I racconti del pentito Rapicano ha cominciato a raccontare ai giudici dei segreti dei D’Alessandro nel gennaio del 2020, e tra i primi argomenti di cui parla ci sono proprio le dinamiche della faida del 2005. Si arriva al 19 febbraio e Rapicano, interrogato dal pm dell’antimafia Giuseppe Cimmarotta, inizia a rivelare i retroscena dell’omicidio di Vincenzo De Maria: «Al bob lo dovevamo uccidere io e Antonio Occidente. Ma mi vennero ad arrestare. Io con quella cosa che dovevo fare l’omicidio scappai- racconta il pentito-I carabinieri andarono nel centro antico e così mi fu mandata l’imbasciata con Gino Vitale che mi disse di consegnarmi altrimenti la zona era piena di guardie». Rapicano si consegnò in carcere e per un certo periodo ha condiviso la cella con Antonio Occidente, arrestato successivamente. Ed è in quel momento che l’ex killer ha saputo dell’omicidio proprio da chi, secondo l’accusa, l’aveva commesso. «Antonio Occidente mi raccontò che passò per piazza XX settembre e vide Vincenzo De Maria. Così andò a chiamare Luigi Vitale», ha raccontato il pentito. L’omicidio di De Maria fu commesso in pieno centro con i killer che scagliarono almeno 6 colpi tra la folla con il rischio di uccidere chiunque.

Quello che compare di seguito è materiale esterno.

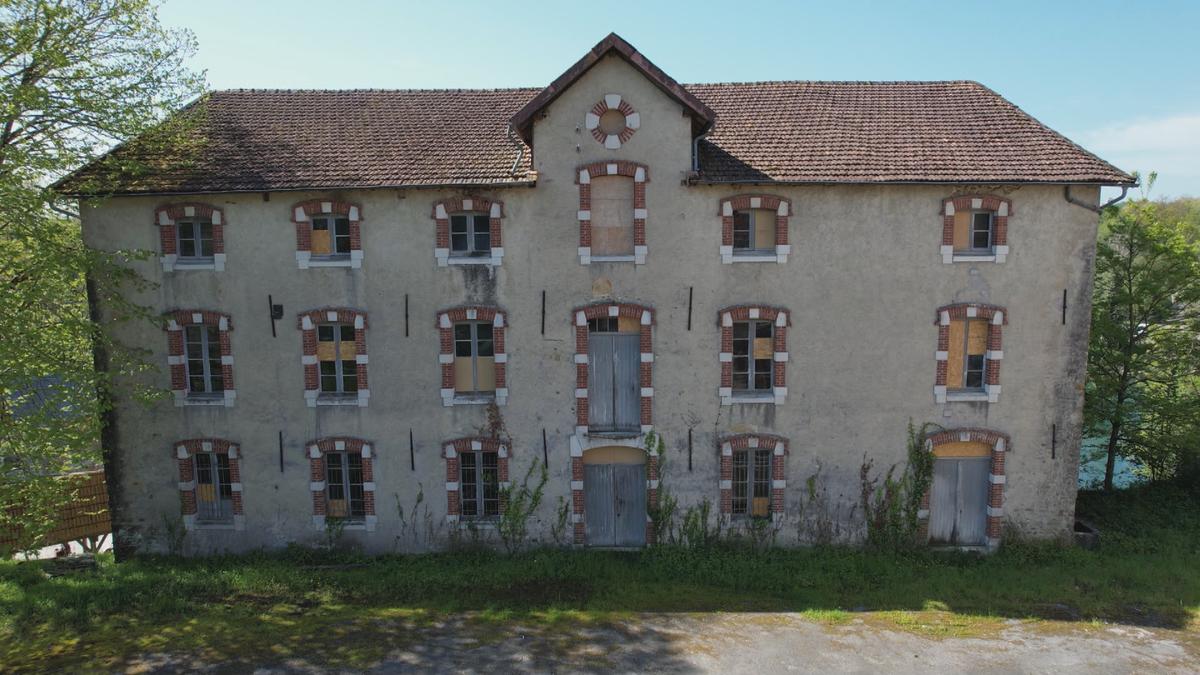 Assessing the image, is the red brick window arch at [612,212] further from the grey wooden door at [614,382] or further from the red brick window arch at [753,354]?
the red brick window arch at [753,354]

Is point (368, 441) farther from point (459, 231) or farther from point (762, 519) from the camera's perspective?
point (762, 519)

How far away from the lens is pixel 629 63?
14.5 meters

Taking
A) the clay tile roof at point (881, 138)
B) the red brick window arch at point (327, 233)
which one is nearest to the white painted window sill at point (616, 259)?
the clay tile roof at point (881, 138)

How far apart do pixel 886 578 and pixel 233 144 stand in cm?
1705

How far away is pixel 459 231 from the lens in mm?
15195

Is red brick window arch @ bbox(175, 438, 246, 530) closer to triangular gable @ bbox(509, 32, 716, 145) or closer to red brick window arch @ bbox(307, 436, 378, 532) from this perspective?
red brick window arch @ bbox(307, 436, 378, 532)

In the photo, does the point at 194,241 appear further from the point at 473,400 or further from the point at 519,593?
the point at 519,593

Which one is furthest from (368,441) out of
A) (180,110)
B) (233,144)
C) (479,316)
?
(180,110)

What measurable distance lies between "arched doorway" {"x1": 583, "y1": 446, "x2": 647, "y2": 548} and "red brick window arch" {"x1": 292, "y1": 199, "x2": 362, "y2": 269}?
269 inches

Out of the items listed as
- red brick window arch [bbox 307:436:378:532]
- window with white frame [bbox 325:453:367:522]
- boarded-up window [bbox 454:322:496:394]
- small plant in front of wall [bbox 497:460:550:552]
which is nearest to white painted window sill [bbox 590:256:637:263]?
boarded-up window [bbox 454:322:496:394]

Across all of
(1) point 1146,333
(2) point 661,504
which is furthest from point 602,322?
(1) point 1146,333

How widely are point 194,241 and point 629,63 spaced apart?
33.2 feet

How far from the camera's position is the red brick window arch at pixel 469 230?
14852 millimetres

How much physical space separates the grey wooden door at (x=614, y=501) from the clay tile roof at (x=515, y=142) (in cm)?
656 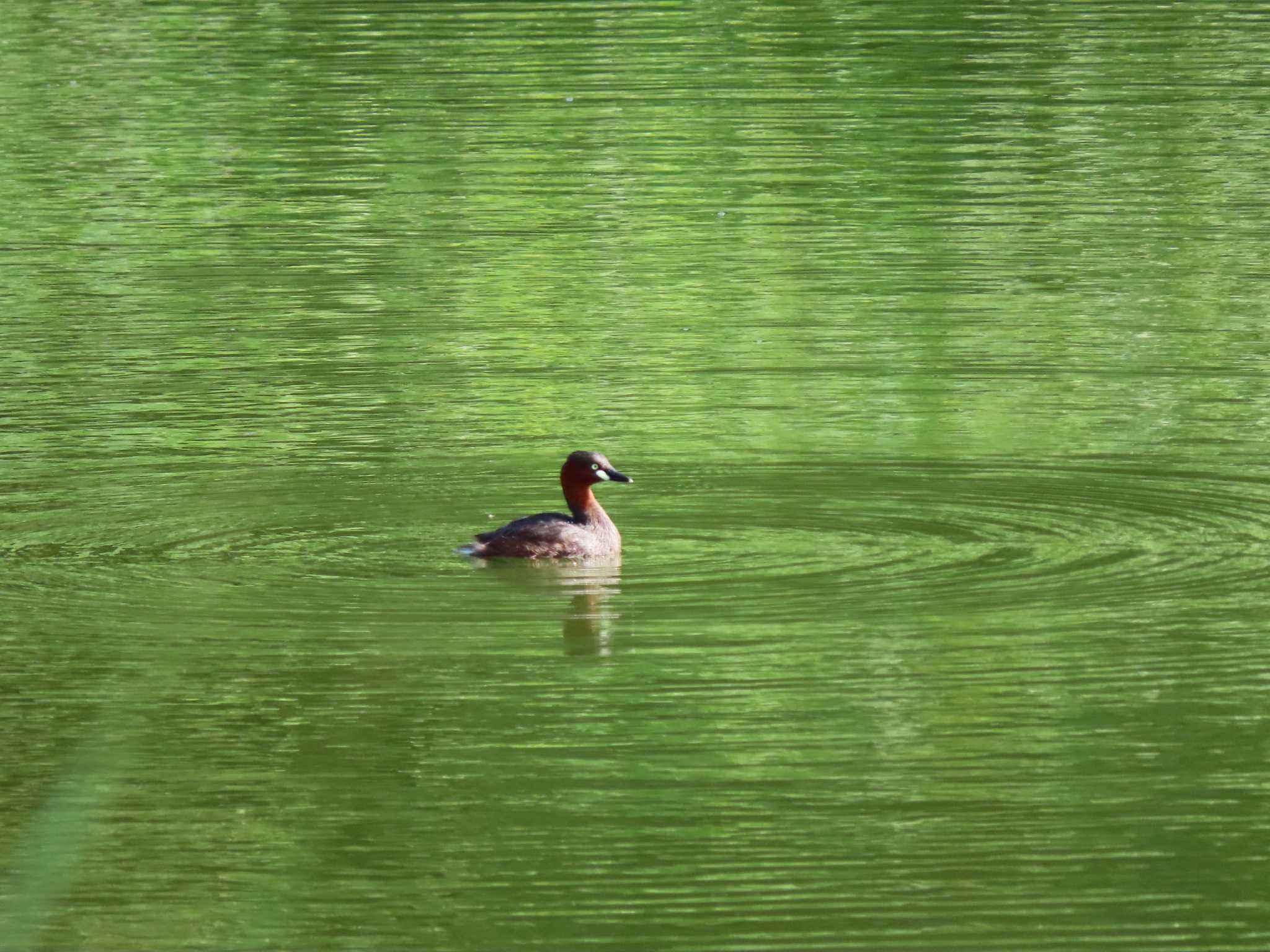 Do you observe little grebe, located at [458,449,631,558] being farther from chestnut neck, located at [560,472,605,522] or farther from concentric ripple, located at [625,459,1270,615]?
concentric ripple, located at [625,459,1270,615]

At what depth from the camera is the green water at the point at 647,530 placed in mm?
8750

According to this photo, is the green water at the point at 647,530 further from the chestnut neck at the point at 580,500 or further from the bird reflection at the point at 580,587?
the chestnut neck at the point at 580,500

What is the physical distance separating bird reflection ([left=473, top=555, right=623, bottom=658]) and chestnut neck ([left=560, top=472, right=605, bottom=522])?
21 cm

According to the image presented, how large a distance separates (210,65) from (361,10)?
4648 mm

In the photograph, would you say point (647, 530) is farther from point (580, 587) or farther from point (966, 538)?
point (966, 538)

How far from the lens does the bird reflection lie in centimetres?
1118

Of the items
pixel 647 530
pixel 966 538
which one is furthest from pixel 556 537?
pixel 966 538

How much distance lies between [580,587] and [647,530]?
106 cm

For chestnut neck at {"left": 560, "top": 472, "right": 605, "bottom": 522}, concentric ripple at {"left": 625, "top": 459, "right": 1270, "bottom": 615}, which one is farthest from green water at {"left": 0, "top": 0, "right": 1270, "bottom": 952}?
chestnut neck at {"left": 560, "top": 472, "right": 605, "bottom": 522}

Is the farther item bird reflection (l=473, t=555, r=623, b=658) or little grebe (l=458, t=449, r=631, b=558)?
Answer: little grebe (l=458, t=449, r=631, b=558)

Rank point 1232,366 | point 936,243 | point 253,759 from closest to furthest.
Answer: point 253,759 → point 1232,366 → point 936,243

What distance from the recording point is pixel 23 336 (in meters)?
18.1

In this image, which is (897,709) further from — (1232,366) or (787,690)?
(1232,366)

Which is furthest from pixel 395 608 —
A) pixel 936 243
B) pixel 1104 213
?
pixel 1104 213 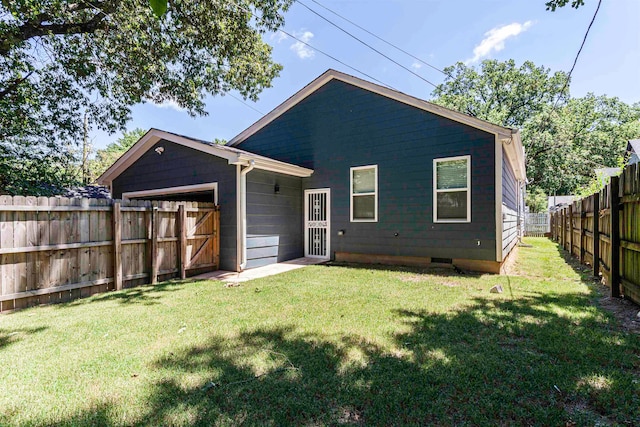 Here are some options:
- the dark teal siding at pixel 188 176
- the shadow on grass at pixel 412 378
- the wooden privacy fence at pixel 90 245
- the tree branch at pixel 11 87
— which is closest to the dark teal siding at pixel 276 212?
the dark teal siding at pixel 188 176

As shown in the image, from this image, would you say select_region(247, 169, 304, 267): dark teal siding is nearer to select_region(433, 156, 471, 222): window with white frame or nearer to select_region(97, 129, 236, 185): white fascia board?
select_region(97, 129, 236, 185): white fascia board

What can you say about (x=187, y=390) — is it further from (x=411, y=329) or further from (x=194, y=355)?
(x=411, y=329)

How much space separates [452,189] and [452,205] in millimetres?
388

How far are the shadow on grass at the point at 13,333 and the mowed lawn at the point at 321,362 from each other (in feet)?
0.06

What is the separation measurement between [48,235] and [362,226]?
21.5 ft

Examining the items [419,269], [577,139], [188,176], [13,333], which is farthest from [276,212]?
[577,139]

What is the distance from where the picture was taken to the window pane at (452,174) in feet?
22.9

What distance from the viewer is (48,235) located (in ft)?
14.7

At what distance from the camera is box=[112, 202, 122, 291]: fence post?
526cm

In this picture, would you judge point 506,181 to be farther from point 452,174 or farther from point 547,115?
point 547,115

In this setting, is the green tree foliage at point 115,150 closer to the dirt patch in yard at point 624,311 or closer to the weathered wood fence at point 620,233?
the weathered wood fence at point 620,233

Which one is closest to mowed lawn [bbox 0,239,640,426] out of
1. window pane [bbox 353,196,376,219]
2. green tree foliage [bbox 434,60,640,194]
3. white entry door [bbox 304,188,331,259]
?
window pane [bbox 353,196,376,219]

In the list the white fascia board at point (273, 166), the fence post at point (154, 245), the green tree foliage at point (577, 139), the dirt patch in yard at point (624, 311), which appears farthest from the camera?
the green tree foliage at point (577, 139)

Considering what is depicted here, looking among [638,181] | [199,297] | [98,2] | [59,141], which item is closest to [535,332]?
[638,181] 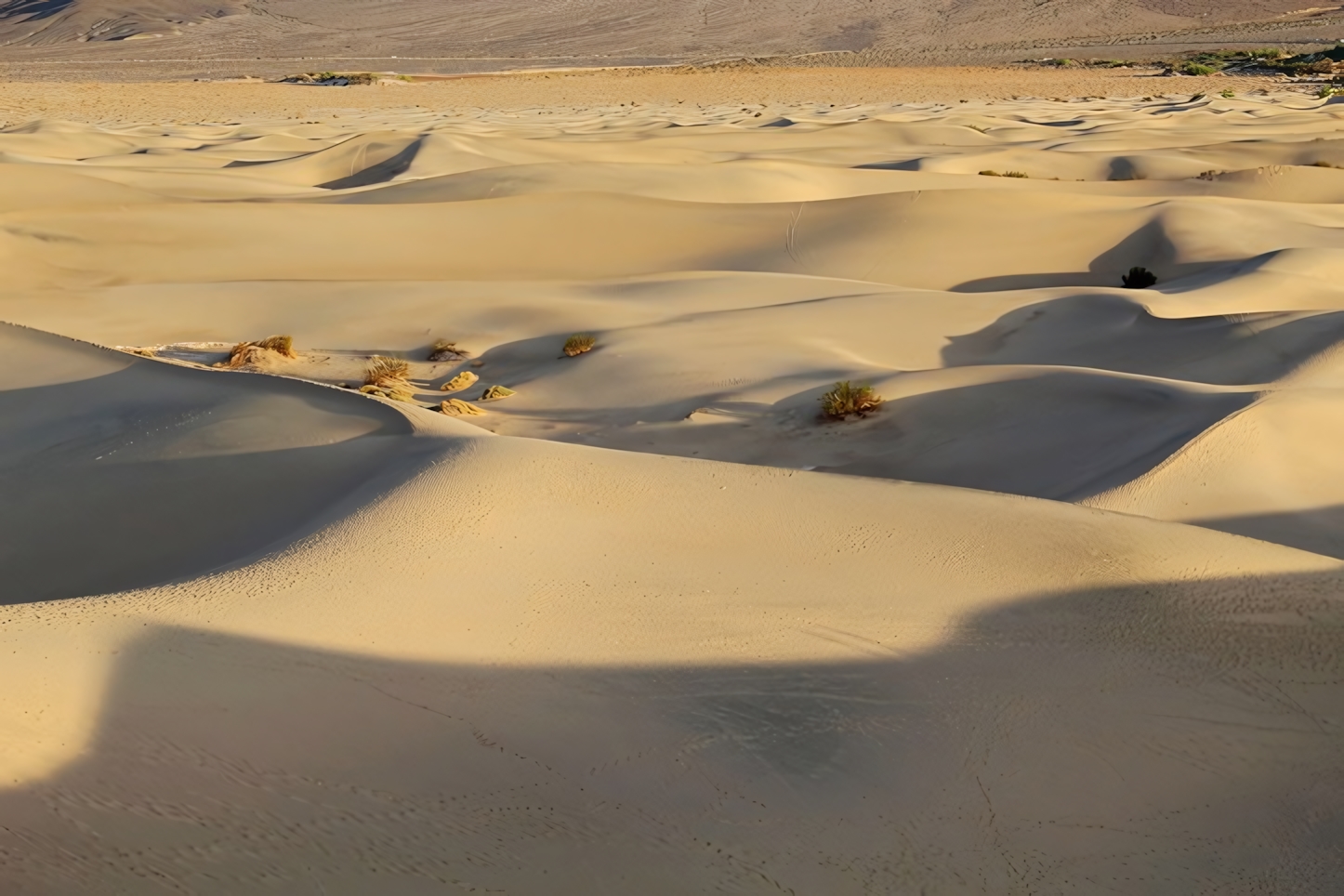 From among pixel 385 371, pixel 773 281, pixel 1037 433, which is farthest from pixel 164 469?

Le «imbasciate» del boss Dopo aver raccontato dell’omicidio Rapicano si sofferma sul movente: «L’omicidio rientrava nella faida con gli Omobono Scarpa e la sorella di De Maria era sposata con il fratello di Massimo Scarpa- racconta il pentito- Il suo omicidio era fortemente voluto da Teresa Martone e dallo stesso Luigino D’Alessandro che quando è stato carcerato, prima di andare al 41 bis, stava a Livorno e mandava le imbasciate dal carcere su chi doveva morire per l’omicidio di Antonio Martone che per D’Alessandro era “un secondo padre”, quindi si era fatto dire i nomi di coloro che erano vicini agli Scarpa. Tutti quanti sapevano le imbasciate di Luigino. All’epoca era lui che comandava, prima di prendere il 41 bis. Anche il fatto di Raffaele Carolei è una cosa di Luigino, della mamma, della famiglia e di Vincenzo D’Alessandro. Tutti quanti all’epoca tenevano le ambasciate di Luigino perché per lui Antonio Martone era un secondo padre». Luigi D’Alessandro, alias Luigino, è il secondo genito di Michele D’Alessandro. Attualmente è detenuto al 41 bis dove sta scontando diverse condanne per associazione a delinquere di stampo mafioso, droga, e estorsione. Nei prossimi mesi potrebbe tornare in libertà.